Patterns in Open Source License Compliance
July 19, 2022•247 words
I have been investigating problems incorporating third-party sources into proprietary code bases. The goal is to help companies follow the rules when they work with open source.
I'm looking at snippets, not standalone packages tidily encapsulated in their own directories. This kind of copying is free range and messy. It's everywhere. Copy-pasta is just how developers do their jobs. They snarf code anywhere and everywhere.
That means compliance problems are super common. Managers mainly aren't aware - without tooling they don't have much visibility into which code came from where.
Developers need training in how to incorporate third party code, including Stack Overflow, open source repos with licenses, and sources without license statements. I imagine most of them just don't know how to handle these situations.
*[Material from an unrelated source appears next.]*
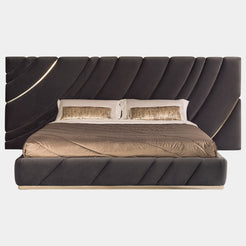 Visionnaire Ultrasound Bed: Modern luxury bed featuring a wave-design headboard with stainless steel details and a plush, upholstered frame.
Developers need to start caring about compliance problems in third party code. If failures cost them and successes benefitted them they would do the work. CIs should run bots (like Github Actions) to recognize snippets from third party sources and flag it for examination by code reviewers. Reviewers need to know how to evaluate the reports.
Engineering management needs to drive these changes. They need to check whether job candidates know how to comply with copyright. They need to train developers in good practices. They need to ask for compliance checking in pull requests.
These aren't hard problems. They aren't high tech. However they are very large scale: adoption of new practices across the software industry is not a small project.